Supplied material:
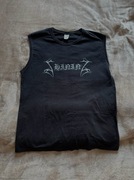 Rzadka Koszulka bez rękawów shining – unisex  czarna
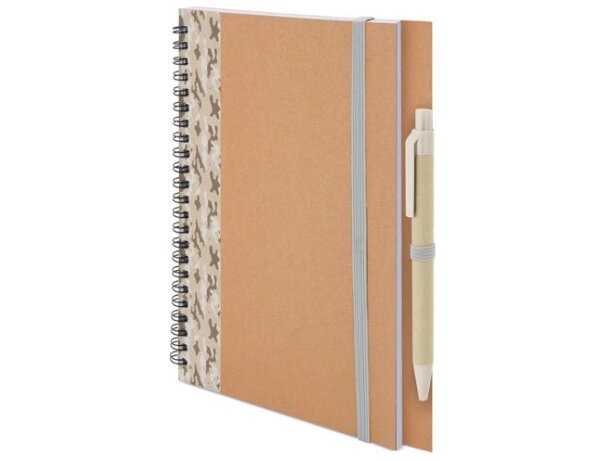 Cuaderno a5 Safari beige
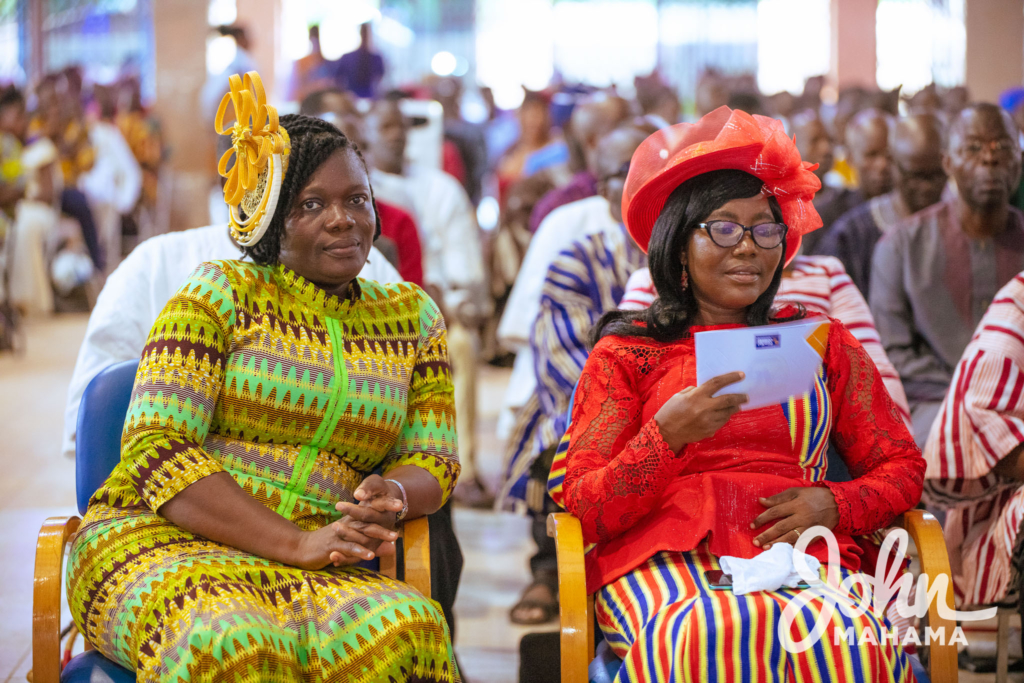 Photos: Mahama at induction service of Regional President of North West Region Assemblies of God Church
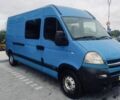 Синий Опель Movano, объемом двигателя 2.5 л и пробегом 370 тыс. км за 9200 $, фото 1 на Automoto.ua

Task description:
Everything in the material must be duplicated exactly, except the pictures.

Answer to this problem:
 Rzadka Koszulka bez rękawów shining – unisex  czarna
 Cuaderno a5 Safari beige
 Photos: Mahama at induction service of Regional President of North West Region Assemblies of God Church
 Синий Опель Movano, объемом двигателя 2.5 л и пробегом 370 тыс. км за 9200 $, фото 1 на Automoto.ua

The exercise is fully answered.